AIM OF THE TASK. Write out exactly the lines below that run from the one containing "Rieger Heckeinsatz (Typ: 88158)" through the one containing "Deadly Ponies |", both included, with no other lines.

Dataset items
::::

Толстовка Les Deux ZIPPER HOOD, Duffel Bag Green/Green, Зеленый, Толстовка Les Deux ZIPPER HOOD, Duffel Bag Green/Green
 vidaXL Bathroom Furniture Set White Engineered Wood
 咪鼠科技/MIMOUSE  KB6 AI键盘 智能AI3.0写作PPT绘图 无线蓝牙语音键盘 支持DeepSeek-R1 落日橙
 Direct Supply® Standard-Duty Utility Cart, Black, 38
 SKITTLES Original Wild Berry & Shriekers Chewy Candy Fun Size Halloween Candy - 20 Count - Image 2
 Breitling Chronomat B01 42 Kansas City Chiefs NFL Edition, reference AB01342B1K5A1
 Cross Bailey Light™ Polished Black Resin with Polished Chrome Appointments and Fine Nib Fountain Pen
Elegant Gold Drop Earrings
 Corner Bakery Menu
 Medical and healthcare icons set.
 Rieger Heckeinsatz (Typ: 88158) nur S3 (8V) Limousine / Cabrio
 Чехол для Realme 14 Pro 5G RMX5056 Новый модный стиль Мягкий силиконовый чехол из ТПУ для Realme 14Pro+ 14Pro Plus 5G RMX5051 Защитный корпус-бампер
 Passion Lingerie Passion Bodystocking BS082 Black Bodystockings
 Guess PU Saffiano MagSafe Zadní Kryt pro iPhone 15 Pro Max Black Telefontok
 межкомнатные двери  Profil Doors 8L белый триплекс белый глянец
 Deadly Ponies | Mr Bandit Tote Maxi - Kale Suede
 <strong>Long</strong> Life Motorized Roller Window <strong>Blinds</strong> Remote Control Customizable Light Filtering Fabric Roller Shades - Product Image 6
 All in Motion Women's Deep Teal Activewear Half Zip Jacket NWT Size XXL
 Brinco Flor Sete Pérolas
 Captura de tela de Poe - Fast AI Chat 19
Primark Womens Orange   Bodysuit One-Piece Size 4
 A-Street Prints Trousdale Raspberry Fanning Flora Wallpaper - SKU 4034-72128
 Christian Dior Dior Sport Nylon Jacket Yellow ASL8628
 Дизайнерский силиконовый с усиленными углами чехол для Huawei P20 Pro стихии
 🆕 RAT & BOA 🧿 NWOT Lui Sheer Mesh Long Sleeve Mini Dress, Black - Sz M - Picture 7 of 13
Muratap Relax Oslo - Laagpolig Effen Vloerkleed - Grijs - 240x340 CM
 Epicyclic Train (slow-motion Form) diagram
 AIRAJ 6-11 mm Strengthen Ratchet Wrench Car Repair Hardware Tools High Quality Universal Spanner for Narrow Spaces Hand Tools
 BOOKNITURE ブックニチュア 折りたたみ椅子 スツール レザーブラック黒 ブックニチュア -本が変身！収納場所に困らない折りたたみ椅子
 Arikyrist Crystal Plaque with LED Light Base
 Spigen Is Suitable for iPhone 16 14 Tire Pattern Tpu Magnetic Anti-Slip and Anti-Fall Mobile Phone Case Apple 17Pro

::::

ANSWER BELOW.
 Rieger Heckeinsatz (Typ: 88158) nur S3 (8V) Limousine / Cabrio
 Чехол для Realme 14 Pro 5G RMX5056 Новый модный стиль Мягкий силиконовый чехол из ТПУ для Realme 14Pro+ 14Pro Plus 5G RMX5051 Защитный корпус-бампер
 Passion Lingerie Passion Bodystocking BS082 Black Bodystockings
 Guess PU Saffiano MagSafe Zadní Kryt pro iPhone 15 Pro Max Black Telefontok
 межкомнатные двери  Profil Doors 8L белый триплекс белый глянец
 Deadly Ponies | Mr Bandit Tote Maxi - Kale Suede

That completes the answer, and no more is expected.